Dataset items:
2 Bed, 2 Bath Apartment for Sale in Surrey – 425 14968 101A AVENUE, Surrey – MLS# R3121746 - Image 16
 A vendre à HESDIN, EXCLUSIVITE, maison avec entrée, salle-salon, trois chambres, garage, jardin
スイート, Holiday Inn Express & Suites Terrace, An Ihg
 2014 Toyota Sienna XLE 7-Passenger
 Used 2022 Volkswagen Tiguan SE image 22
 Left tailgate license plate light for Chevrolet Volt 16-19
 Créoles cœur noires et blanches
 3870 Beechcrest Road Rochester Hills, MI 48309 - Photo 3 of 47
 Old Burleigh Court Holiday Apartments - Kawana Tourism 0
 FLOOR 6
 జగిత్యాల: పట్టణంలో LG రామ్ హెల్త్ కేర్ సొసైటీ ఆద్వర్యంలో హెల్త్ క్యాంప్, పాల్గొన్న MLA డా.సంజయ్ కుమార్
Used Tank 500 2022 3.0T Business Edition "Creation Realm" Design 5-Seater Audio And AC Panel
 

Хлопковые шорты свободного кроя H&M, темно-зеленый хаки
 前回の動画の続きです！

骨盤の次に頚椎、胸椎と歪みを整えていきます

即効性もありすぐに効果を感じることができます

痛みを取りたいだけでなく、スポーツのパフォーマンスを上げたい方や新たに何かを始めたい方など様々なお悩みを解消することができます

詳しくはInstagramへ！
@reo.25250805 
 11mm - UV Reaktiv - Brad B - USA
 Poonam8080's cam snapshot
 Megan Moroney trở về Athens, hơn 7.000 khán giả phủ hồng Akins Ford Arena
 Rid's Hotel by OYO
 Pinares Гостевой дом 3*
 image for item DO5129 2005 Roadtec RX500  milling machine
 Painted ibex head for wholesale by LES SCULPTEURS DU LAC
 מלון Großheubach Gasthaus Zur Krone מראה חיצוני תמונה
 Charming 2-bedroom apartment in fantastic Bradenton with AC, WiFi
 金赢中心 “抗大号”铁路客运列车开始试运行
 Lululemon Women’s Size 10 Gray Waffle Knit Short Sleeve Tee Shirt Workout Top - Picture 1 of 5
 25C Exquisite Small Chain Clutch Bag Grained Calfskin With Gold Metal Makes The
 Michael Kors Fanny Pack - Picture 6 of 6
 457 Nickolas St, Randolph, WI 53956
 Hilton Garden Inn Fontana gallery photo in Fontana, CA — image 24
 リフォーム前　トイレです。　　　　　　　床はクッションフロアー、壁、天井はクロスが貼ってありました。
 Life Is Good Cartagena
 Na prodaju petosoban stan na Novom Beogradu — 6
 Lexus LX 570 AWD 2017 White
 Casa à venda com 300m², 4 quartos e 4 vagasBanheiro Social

» TASK DIRECTIONS:
Word for word, write out each entry shown above.

» ANSWER BOX:
2 Bed, 2 Bath Apartment for Sale in Surrey – 425 14968 101A AVENUE, Surrey – MLS# R3121746 - Image 16
 A vendre à HESDIN, EXCLUSIVITE, maison avec entrée, salle-salon, trois chambres, garage, jardin
スイート, Holiday Inn Express & Suites Terrace, An Ihg
 2014 Toyota Sienna XLE 7-Passenger
 Used 2022 Volkswagen Tiguan SE image 22
 Left tailgate license plate light for Chevrolet Volt 16-19
 Créoles cœur noires et blanches
 3870 Beechcrest Road Rochester Hills, MI 48309 - Photo 3 of 47
 Old Burleigh Court Holiday Apartments - Kawana Tourism 0
 FLOOR 6
 జగిత్యాల: పట్టణంలో LG రామ్ హెల్త్ కేర్ సొసైటీ ఆద్వర్యంలో హెల్త్ క్యాంప్, పాల్గొన్న MLA డా.సంజయ్ కుమార్
Used Tank 500 2022 3.0T Business Edition "Creation Realm" Design 5-Seater Audio And AC Panel
 

Хлопковые шорты свободного кроя H&M, темно-зеленый хаки
 前回の動画の続きです！

骨盤の次に頚椎、胸椎と歪みを整えていきます

即効性もありすぐに効果を感じることができます

痛みを取りたいだけでなく、スポーツのパフォーマンスを上げたい方や新たに何かを始めたい方など様々なお悩みを解消することができます

詳しくはInstagramへ！
@reo.25250805 
 11mm - UV Reaktiv - Brad B - USA
 Poonam8080's cam snapshot
 Megan Moroney trở về Athens, hơn 7.000 khán giả phủ hồng Akins Ford Arena
 Rid's Hotel by OYO
 Pinares Гостевой дом 3*
 image for item DO5129 2005 Roadtec RX500  milling machine
 Painted ibex head for wholesale by LES SCULPTEURS DU LAC
 מלון Großheubach Gasthaus Zur Krone מראה חיצוני תמונה
 Charming 2-bedroom apartment in fantastic Bradenton with AC, WiFi
 金赢中心 “抗大号”铁路客运列车开始试运行
 Lululemon Women’s Size 10 Gray Waffle Knit Short Sleeve Tee Shirt Workout Top - Picture 1 of 5
 25C Exquisite Small Chain Clutch Bag Grained Calfskin With Gold Metal Makes The
 Michael Kors Fanny Pack - Picture 6 of 6
 457 Nickolas St, Randolph, WI 53956
 Hilton Garden Inn Fontana gallery photo in Fontana, CA — image 24
 リフォーム前　トイレです。　　　　　　　床はクッションフロアー、壁、天井はクロスが貼ってありました。
 Life Is Good Cartagena
 Na prodaju petosoban stan na Novom Beogradu — 6
 Lexus LX 570 AWD 2017 White
 Casa à venda com 300m², 4 quartos e 4 vagasBanheiro Social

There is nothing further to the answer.